• Required work: Reproduce the lines below from the one that contains "American Eagle Tan" through the end, inclusive, and add nothing.

• Records shown:
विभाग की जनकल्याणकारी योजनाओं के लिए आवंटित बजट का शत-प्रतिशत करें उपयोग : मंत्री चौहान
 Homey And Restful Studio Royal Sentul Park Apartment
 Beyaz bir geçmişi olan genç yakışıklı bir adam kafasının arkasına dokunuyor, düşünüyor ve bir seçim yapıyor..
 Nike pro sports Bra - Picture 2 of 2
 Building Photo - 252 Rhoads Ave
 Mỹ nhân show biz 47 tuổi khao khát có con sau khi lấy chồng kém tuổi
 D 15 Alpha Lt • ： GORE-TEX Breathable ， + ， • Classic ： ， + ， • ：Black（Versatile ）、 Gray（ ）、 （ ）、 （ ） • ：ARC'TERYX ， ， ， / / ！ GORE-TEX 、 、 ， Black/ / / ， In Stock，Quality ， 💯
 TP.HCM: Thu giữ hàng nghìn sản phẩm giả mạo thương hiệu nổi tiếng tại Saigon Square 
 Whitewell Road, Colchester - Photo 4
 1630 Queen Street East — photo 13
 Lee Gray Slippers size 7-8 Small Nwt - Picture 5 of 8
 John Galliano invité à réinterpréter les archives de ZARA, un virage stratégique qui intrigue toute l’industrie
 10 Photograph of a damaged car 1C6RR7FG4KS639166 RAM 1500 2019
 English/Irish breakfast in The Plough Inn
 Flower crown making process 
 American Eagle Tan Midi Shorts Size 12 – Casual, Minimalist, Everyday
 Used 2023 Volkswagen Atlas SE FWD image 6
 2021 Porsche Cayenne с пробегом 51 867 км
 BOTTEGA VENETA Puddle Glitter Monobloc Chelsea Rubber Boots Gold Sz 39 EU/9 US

• Written solution:
 American Eagle Tan Midi Shorts Size 12 – Casual, Minimalist, Everyday
 Used 2023 Volkswagen Atlas SE FWD image 6
 2021 Porsche Cayenne с пробегом 51 867 км
 BOTTEGA VENETA Puddle Glitter Monobloc Chelsea Rubber Boots Gold Sz 39 EU/9 US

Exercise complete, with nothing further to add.